Reverse ETL is the newest layer. Tools like Census and Hightouch push analytics data back into operational tools — Salesforce, HubSpot, Braze. "Your best customers by LTV" computed in the warehouse, synced to Salesforce as a list.

Patterns for System Design Interviews

Pattern 1: Data separation. "OLTP database for transactions, replicate to OLAP warehouse for analytics. Never query production for reports."

Pattern 2: CDC for real-time replication. "Use Debezium to capture changes from the production database's transaction log. Feed through Kafka into the warehouse. Near-real-time, zero impact on production."

Pattern 3: Batch is usually enough. "For this dashboard, hourly batch ETL is fine. We don't need real-time analytics for a report that executives check once a day." Shows you can evaluate trade-offs rather than defaulting to the most complex option.

Pattern 4: Lakehouse for flexibility. "Store raw data in S3 as Parquet with Iceberg metadata. Query directly with Trino for ad-hoc analysis. Load aggregated data into Redshift for dashboards."

Trade-offs Table

Approach	Latency	Complexity	Cost	Best For
Batch ETL (Spark)	Hours	High (custom code)	Medium	Legacy, complex transforms
Batch ELT (dbt)	Hours	Low (SQL + Git)	Low	Most analytics workloads
CDC → Kafka → OLAP	Seconds	High (ops burden)	Medium-High	Real-time dashboards
Managed EL (Fivetran)	Minutes-hours	Lowest	High (per-connector pricing)	Teams without data engineers
Data lake (S3 + Athena)	Minutes	Low	Lowest	Ad-hoc exploration
Lakehouse (Iceberg)	Seconds-minutes	Medium	Low-Medium	Unified batch + ad-hoc

Modern Data Stack

Interview Gotchas

Gotcha 1: "Why not just query the production database for analytics?" Analytical queries (full table scans, aggregations) compete with transactional queries for CPU, memory, and I/O. A heavy dashboard refresh can cause timeouts for user-facing requests. Always separate.

Gotcha 2: "When would you use ETL instead of ELT?" When transforms are compute-intensive and the warehouse can't handle them (e.g., ML feature engineering with custom Python, image processing, complex graph algorithms). Or when data must be cleaned before it enters the warehouse for compliance reasons (PII stripping).

Gotcha 3: "What's the difference between CDC and polling?" Polling runs a SELECT WHERE updated_at > X query against production. It adds load, misses deletes, and has a blind spot between polls. CDC reads the transaction log — zero query load, captures everything, and maintains ordering.

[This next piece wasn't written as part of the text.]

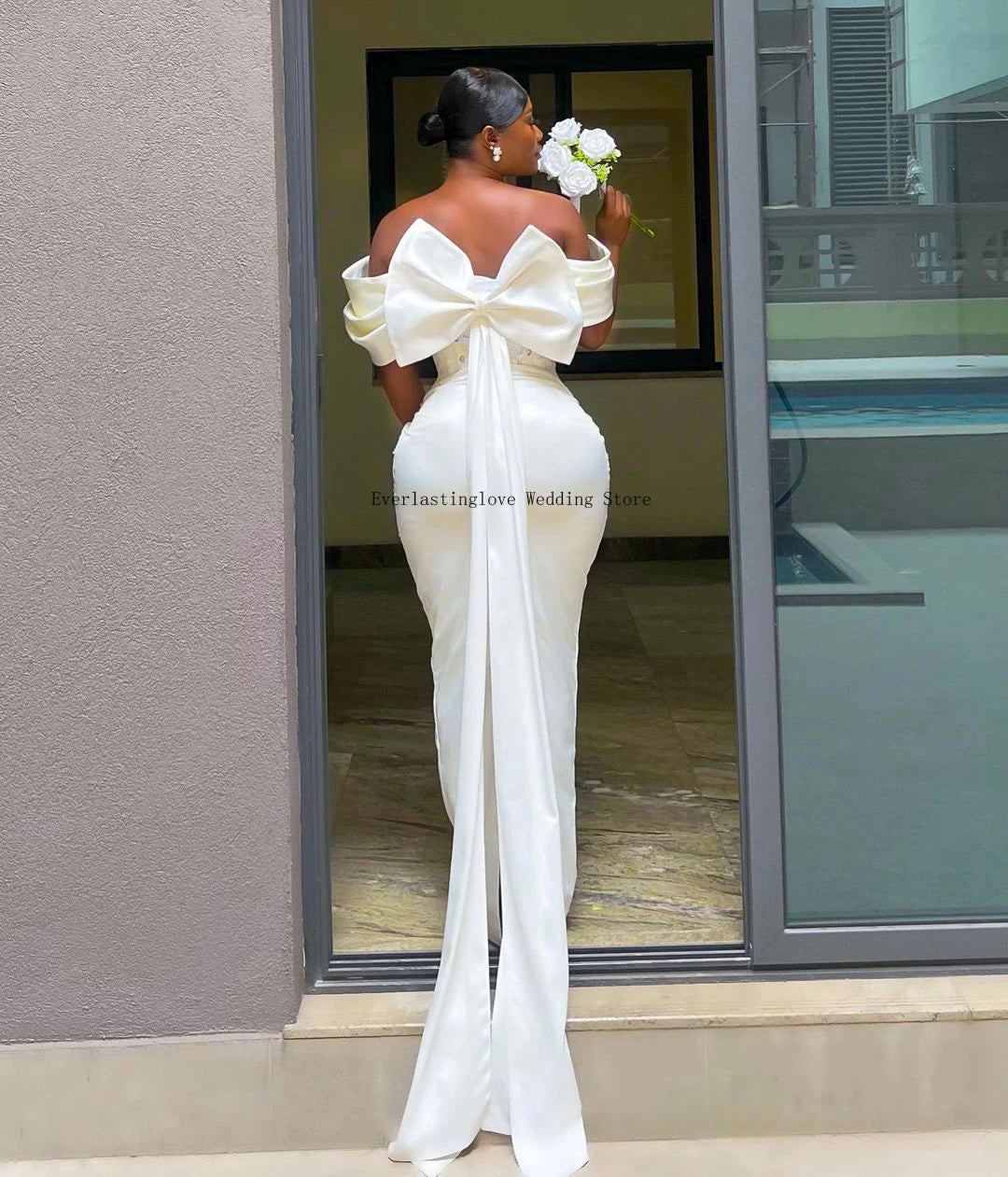 Woman in an elegant white gown holding a bouquet, with her back to the camera. The dress features an oversized bow and a long train. She stands by a glass door.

Gotcha 4: "Is real-time analytics always better?" No. Real-time pipelines are more complex, more expensive, and harder to debug. If the consumer is a human looking at a dashboard, hourly refresh is indistinguishable from real-time. Save streaming for machine consumers (fraud detection, recommendation engines).

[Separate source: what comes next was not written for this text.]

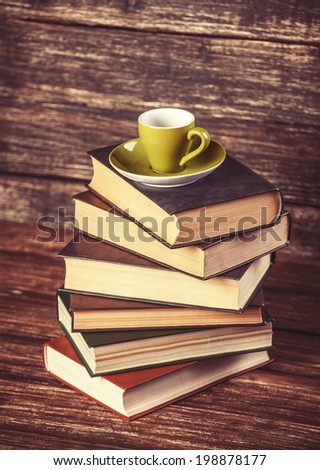 Books and cup of coffee on wooden background.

Gotcha 5: "What is dbt and why does everyone use it?" dbt is a SQL-based transformation framework. It turns warehouse SQL into version-controlled, tested, documented models with dependency management. It's popular because it lets analytics engineers (SQL-proficient, not necessarily Python-proficient) own the entire transform layer without depending on data engineering teams.